Según este razonamiento, el obispo Teodoro habría elegido el nombre de Mauricio para capitanear a sus recién descubiertos mártires en deferencia al general que mandaba a las tropas tebanas estacionadas contemporáneamente cerca de Octodurus. Su intención sería convencer a estos Thebaei de que no aceptaran al usurpador Eugenio como nuevo emperador en el año 392, demostrándoles con el ejemplo de los mártires Tebanos que los cristianos no estaban obligados a combatir contra otros cristianos por un emperador (en este caso, un usurpador) pagano.

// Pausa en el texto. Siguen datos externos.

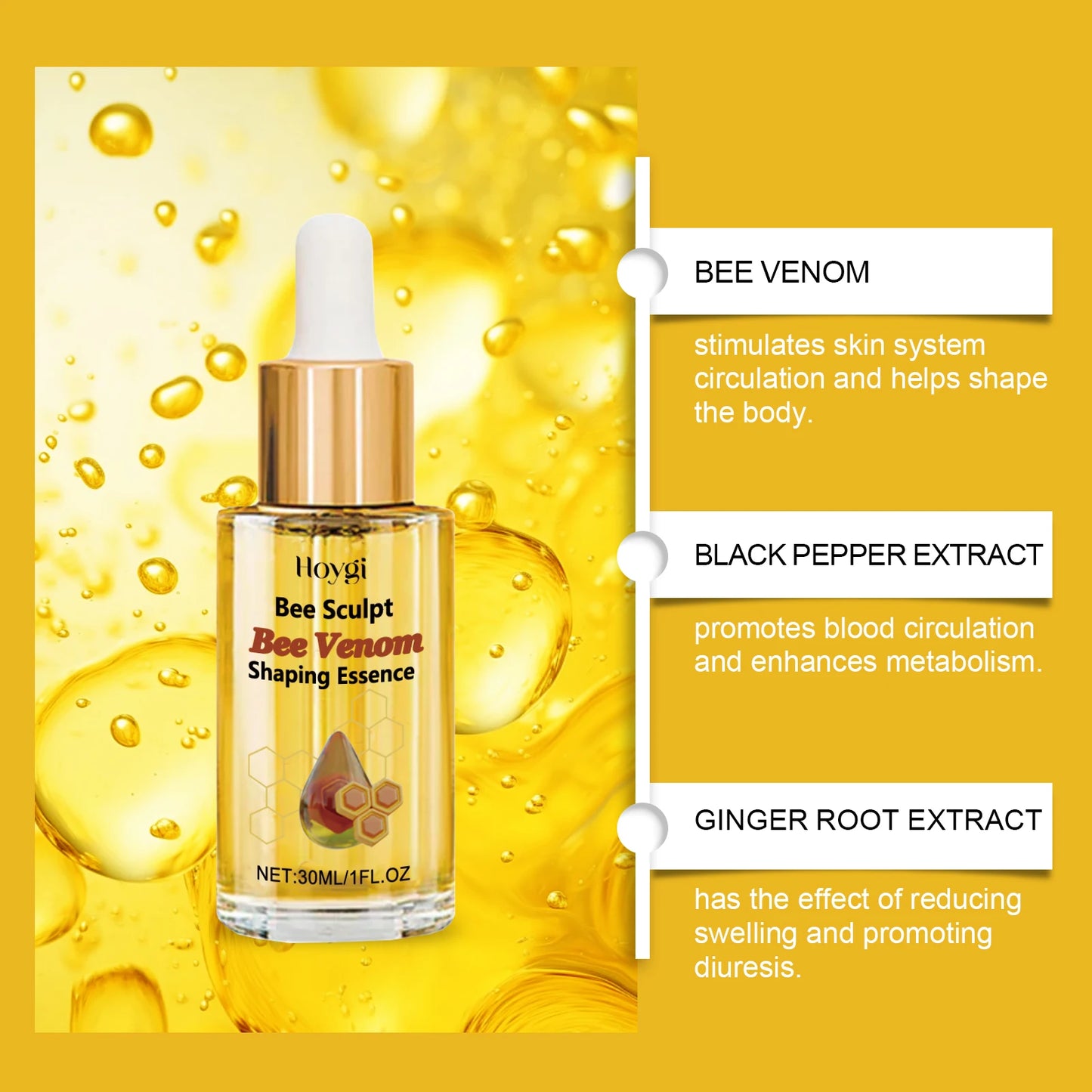 Bee Venom Shaping & Firming Body Oil – Anti-Cellulite Fat Burning Massage for Weight Loss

Inspirada en una tradición anterior o revelada a Teodoro junto con la existencia de los cuerpos de los mártires, la leyenda y el culto de la Legión Tebana no dejó de desarrollarse a partir de finales del siglo IV, convirtiéndose su basílica en un lugar de peregrinación. En la primera mitad del siglo V su fama había alcanzado hasta Lyon, siguiendo el curso del Ródano. Esto movió a Euquerio, el obispo de esta ciudad, a recabar información sobre su historia para poder ofrecer a los Santos Mártires de Agaune un relato retórico embellecido para que, a partir de entonces, fuera leído cada año, el día 22 de septiembre, en conmemoración de su martirio.